If you want to access the time zone ID or any other nested value you will need to apropriately extract it. To to this - again -we need to follow the reply structure.
Let’s see a whole respense for a single team using this code:

response = requests.get('https://statsapi.web.nhl.com/api/v1/teams')
jsondata = response.json()
only_teams_data = jsondata['teams']
our_example_team = only_teams_data[1]  #an example team, at index 1
print(our_example_team) 

The result:

{'id': 2, 'name': 'New York Islanders', 'link': '/api/v1/teams/2', 'venue': {'id': 5026, 'name': 'Barclays Center', 'link': '/api/v1/venues/5026', 'city': 'Brooklyn', 'timeZone': {'id': 'America/New_York', 'offset': -4, 'tz': 'EDT'}}, 'abbreviation': 'NYI', 'teamName': 'Islanders', 'locationName': 'New York', 'firstYearOfPlay': '1972', 'division': {'id': 18, 'name': 'Metropolitan', 'nameShort': 'Metro', 'link': '/api/v1/divisions/18', 'abbreviation': 'M'}, 'conference': {'id': 6, 'name': 'Eastern', 'link': '/api/v1/conferences/6'}, 'franchise': {'franchiseId': 22, 'teamName': 'Islanders', 'link': '/api/v1/franchises/22'}, 'shortName': 'NY Islanders', 'officialSiteUrl': 'http://www.newyorkislanders.com/', 'franchiseId': 22, 'active': True}

We can now see that we will need to acces the venue key which is directly in the team dictionary (you can recognize a dictionary by butterfly brackets { } ):
{[BEGINNING OF THE DATA] 'venue': {'id': 5026, 'name': 'Barclays Center', 'link': '/api/v1/venues/5026', 'city': 'Brooklyn', 'timeZone': {'id': 'America/New_York', 'offset': -4, 'tz': 'EDT'}}, [...REST OF THE DATA]}

We can assing that part of the responce to a variable using command:

venue_data = our_example_team['venue']

So now our venue_data holds the following data:
{'id': 5026, 'name': 'Barclays Center', 'link': '/api/v1/venues/5026', 'city': 'Brooklyn', 'timeZone': {'id': 'America/New_York', 'offset': -4, 'tz': 'EDT'}}

Our timeZone details are in a dictionary assigned as value of the timeZone key.
In order to acces the key we use the syntax:

dictionary_name['key-name']

Just like we did before to get the venue data.
In case of time zone code reads:

timezone_data = venue_data['timeZone']

Now our timezone_data variable holds:
{'id': 'America/New_York', 'offset': -4, 'tz': 'EDT'}

We’re home. Now we can use timezone[‘key-name’] to extract any information from this dictionary. For example:

timezone_name = timezone_data['id']
timezone_offset= timezone_data['offset']

Let’s print our extracted information:

print(timezone_name, timezone_offset)

The printed message will say:

America/New York -4

If you have any questions let me know!

EDIT Extracting more values:
If you’d like to extract any more values just retrieve its key parent value to a temporary dictionary and point it to the key name. Add another if statement to check if it’s key is present. I wrote If statements for each value to avoid errors in case some parts of the dataset were inconsistent or incomplete.

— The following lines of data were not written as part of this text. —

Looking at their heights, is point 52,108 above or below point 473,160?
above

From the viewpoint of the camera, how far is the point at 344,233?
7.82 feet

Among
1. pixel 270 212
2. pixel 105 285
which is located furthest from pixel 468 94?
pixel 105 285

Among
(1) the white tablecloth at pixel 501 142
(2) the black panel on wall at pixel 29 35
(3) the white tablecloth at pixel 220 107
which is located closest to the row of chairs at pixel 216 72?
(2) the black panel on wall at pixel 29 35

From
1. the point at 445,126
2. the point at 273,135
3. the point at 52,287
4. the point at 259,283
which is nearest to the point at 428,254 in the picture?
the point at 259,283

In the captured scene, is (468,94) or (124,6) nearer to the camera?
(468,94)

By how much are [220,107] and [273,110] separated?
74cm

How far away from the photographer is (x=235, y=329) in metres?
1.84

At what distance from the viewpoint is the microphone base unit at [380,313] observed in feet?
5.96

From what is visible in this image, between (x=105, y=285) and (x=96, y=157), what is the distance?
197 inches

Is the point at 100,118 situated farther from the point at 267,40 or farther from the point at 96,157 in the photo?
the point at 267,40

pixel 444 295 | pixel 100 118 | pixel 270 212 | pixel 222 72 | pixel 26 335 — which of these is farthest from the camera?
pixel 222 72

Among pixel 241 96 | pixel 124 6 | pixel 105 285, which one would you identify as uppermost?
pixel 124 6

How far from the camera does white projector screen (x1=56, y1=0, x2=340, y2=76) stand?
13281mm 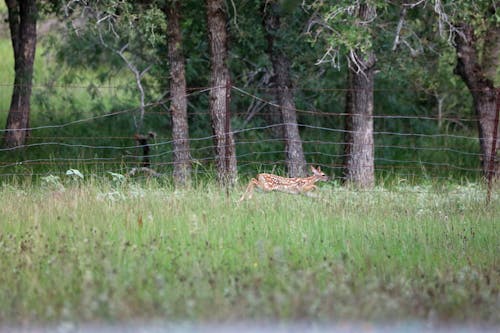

EDIT2 advanced: If you want to have a really flexible tool for looking into this kind of data you could probably build a function that iterates through all elements in the response JSON and checks for the number of received keys and records their names into a list and for each of them checks if the value is of the type dictionary
If it is a dictionary it’s name is recorded and then it’s key names are read and checked for the same condition. It also should check if the same key name was already recorded under that parent key name and only recorded new keys. All this would go on until the last key name in the last dictionary was recorded. All of these names (along with any other data recorded, e.g. corresponding keys datatype) are saved to a multi-dimensional list (with elements made of other lists). You can iterate a print of this list formatted in a very readable way and this would give you a complete understanding of the structure and have a full iterable keys reference that you can retrieve from any json.

1 Like

:heart_eyes:
Thank you so much @ljh1830181547. I will return your kindness on somebody else on this forum later.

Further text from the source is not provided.